§ **PROBLEM STATEMENT**
Starting with the line that contains "Preparation of colloidal", return every line through the end of the listing below exactly as written. Omit the pictures.

§ **INFORMATION SUPPLIED**
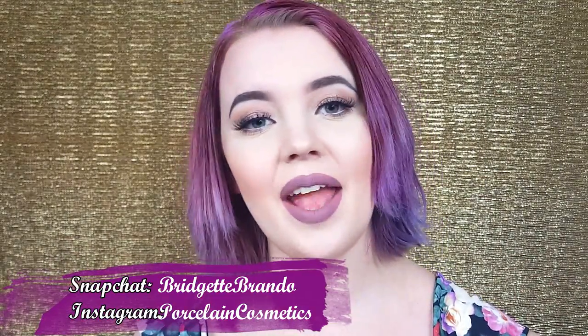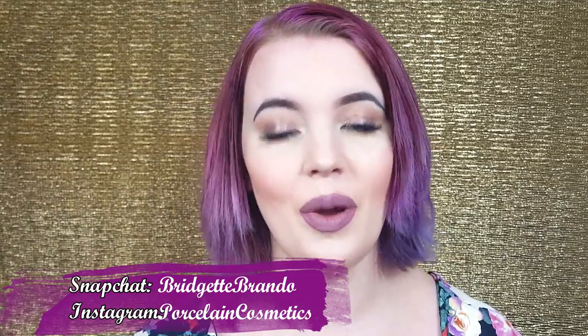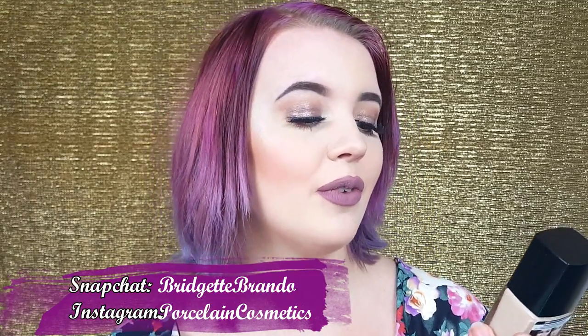Hey guys! Welcome back to my channel. Hope you're all having a great day. Today we are doing a test and review of the Wet n Wild Photo Focus foundation. This is in the shade of Porcelain, which is their lightest shade. I'm going to be testing this out on my face showing you what it looks like, and at the end of the video we'll be doing a thorough review. So let's go ahead and get into this video.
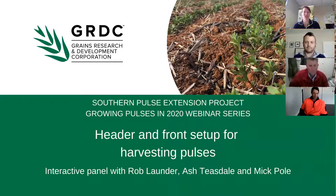Welcome to the Growing Pulses in 2020 webinar on header and front setup for harvesting pulses. My name is Claire and I work with BCG and coordinate the GRDC funded Southern Pulse Extension project. This project is delivered by a consortium of researchers, agronomists, farming systems groups, growers and pulse experts to increase grower and advisor knowledge on sustainable pulse production, improving the Southern region's capacity to maximise future growth and profitability.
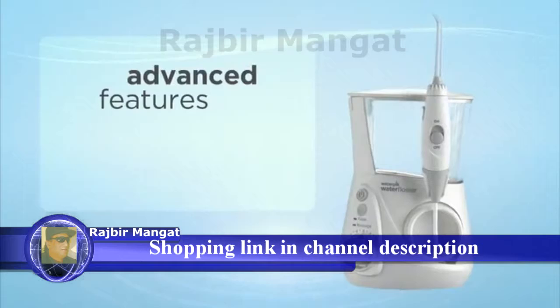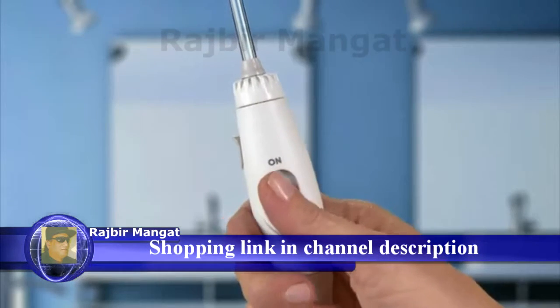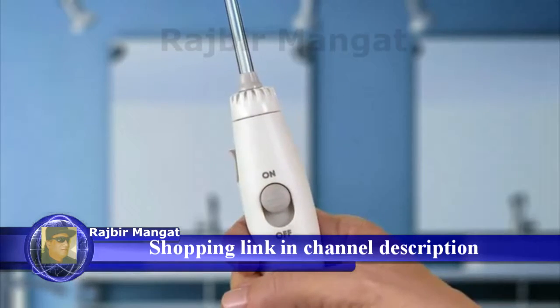With advanced features and a new sleek design, with on-off water control on the handle for greater ease of use and a mess-free experience.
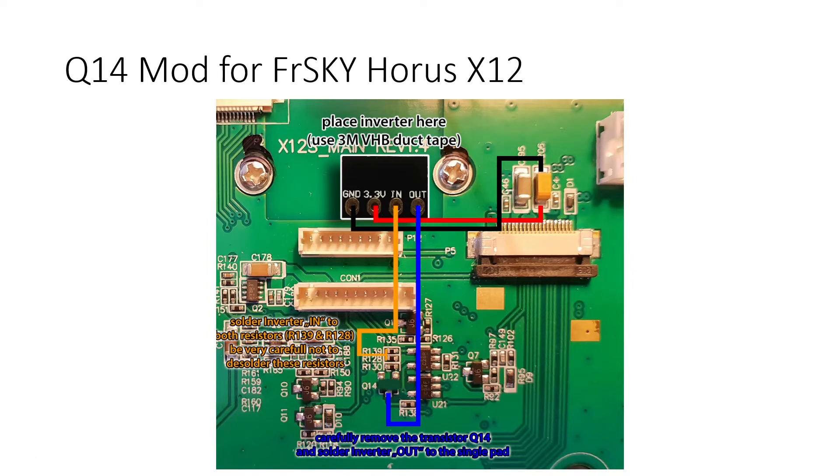For the FrSky Horus X12, supply ground and 3.3V using capacitor C205. For the input signal, short registers R139 and R128 together and connect the input signal there. The output signal goes to Q14 — desolder this component, then connect the OUT pin of your inverter mod to the top-side pin of where Q14 was. That is how you connect the inverter mod to all three FrSky radio receivers.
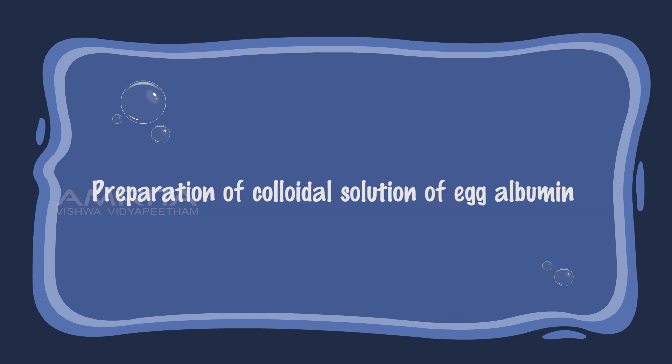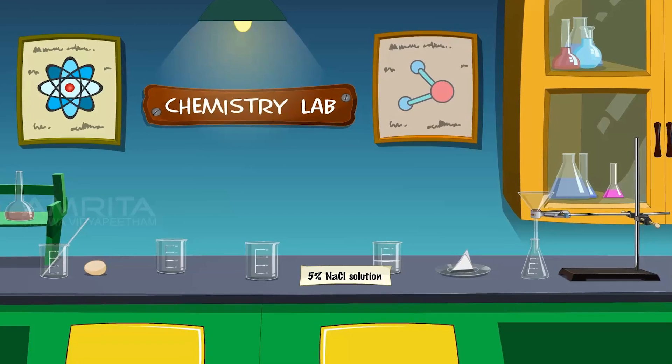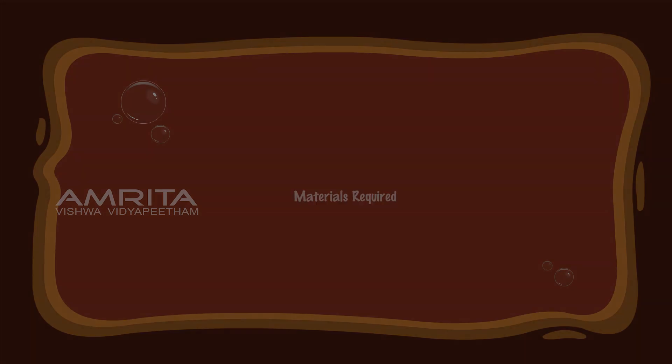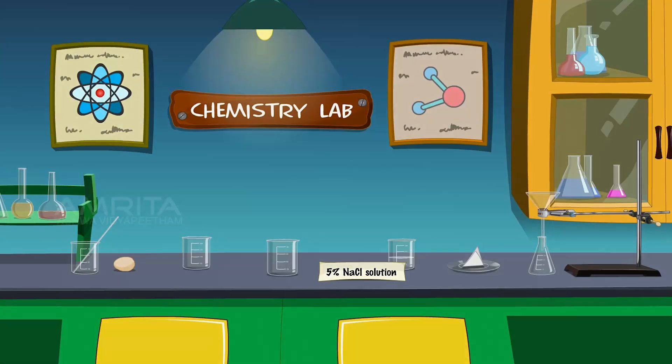Preparation of colloidal solution of egg albumin. Materials required: We require an egg, beakers, glass rod, 5% sodium chloride solution, filter paper, funnel, conical flask, and iron stand with clamp.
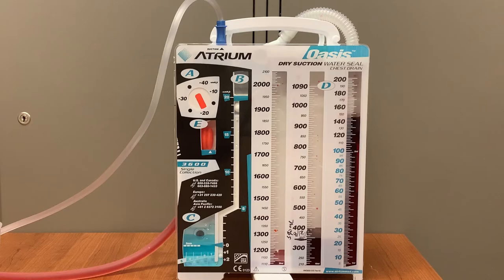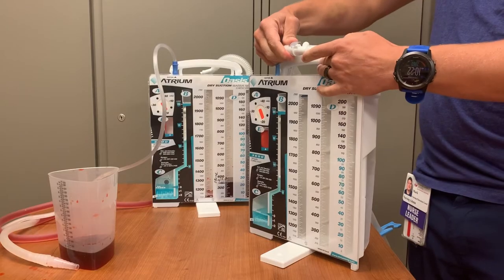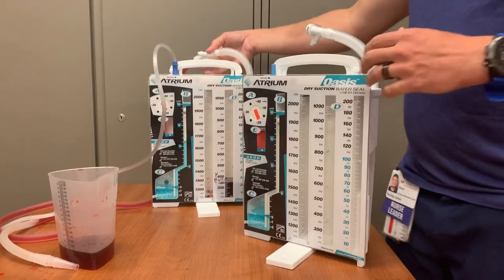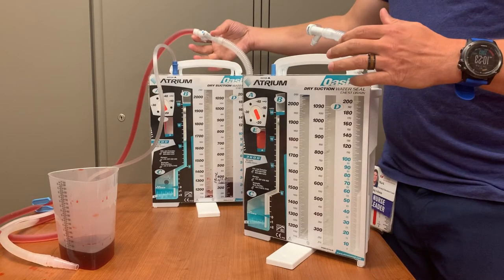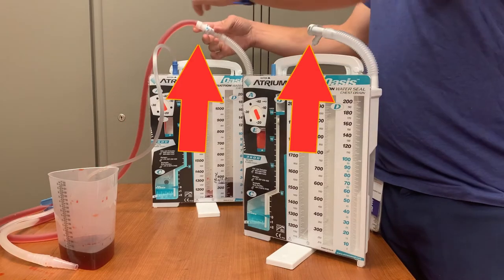If the Oasis is ever cracked or damaged, change the system and attach a new Oasis as soon as possible. To change the Oasis, simply open a new Oasis kit from the pod room. Prime the system with the provided sterile water, then remove the tubing that is attached to the new Oasis system — you will use the tubing from the previous Oasis. You only need to replace the Oasis container, not the tubing. You should never need to remove the tape or disconnect the connection from the Oasis tubing to the chest tube. You should only be using the inline connector when exchanging Oasis units.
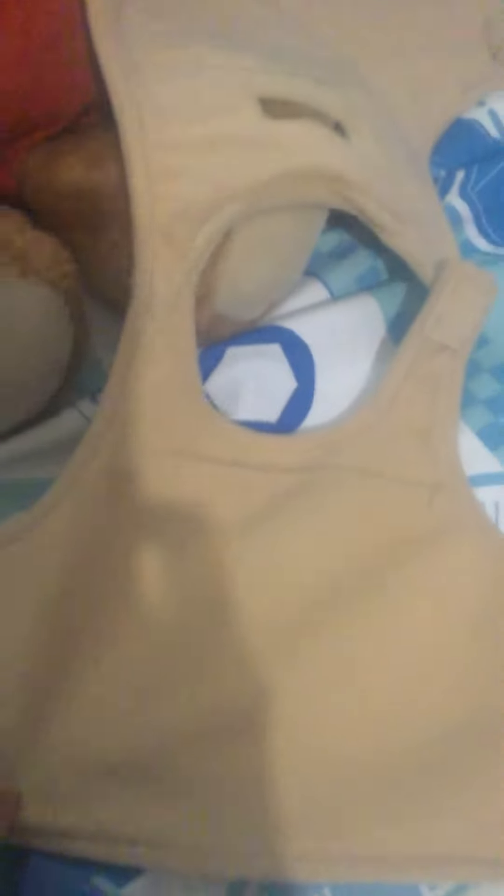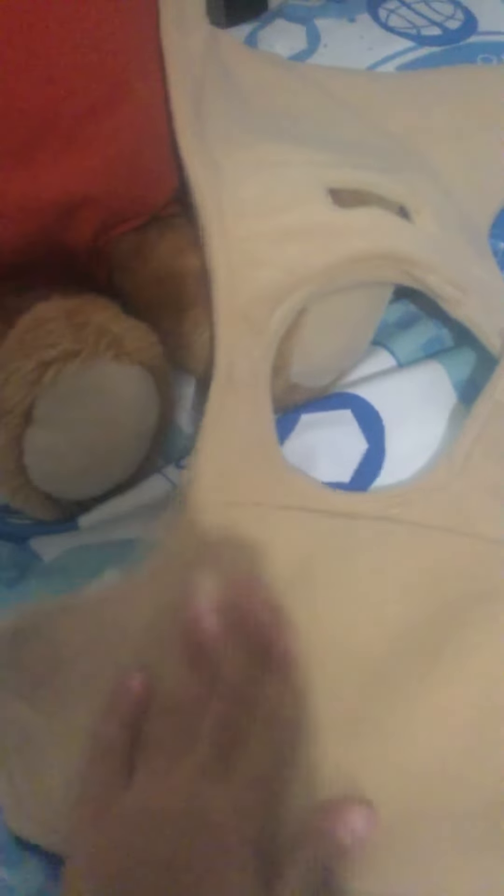Here it is — a normal tee with this red shirt. We need to put this t-shirt to the inside. So let's make it.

§ **ANSWER SPACE**
Preparation of colloidal solution of egg albumin. Materials required: We require an egg, beakers, glass rod, 5% sodium chloride solution, filter paper, funnel, conical flask, and iron stand with clamp.
If the Oasis is ever cracked or damaged, change the system and attach a new Oasis as soon as possible. To change the Oasis, simply open a new Oasis kit from the pod room. Prime the system with the provided sterile water, then remove the tubing that is attached to the new Oasis system — you will use the tubing from the previous Oasis. You only need to replace the Oasis container, not the tubing. You should never need to remove the tape or disconnect the connection from the Oasis tubing to the chest tube. You should only be using the inline connector when exchanging Oasis units.
Here it is — a normal tee with this red shirt. We need to put this t-shirt to the inside. So let's make it.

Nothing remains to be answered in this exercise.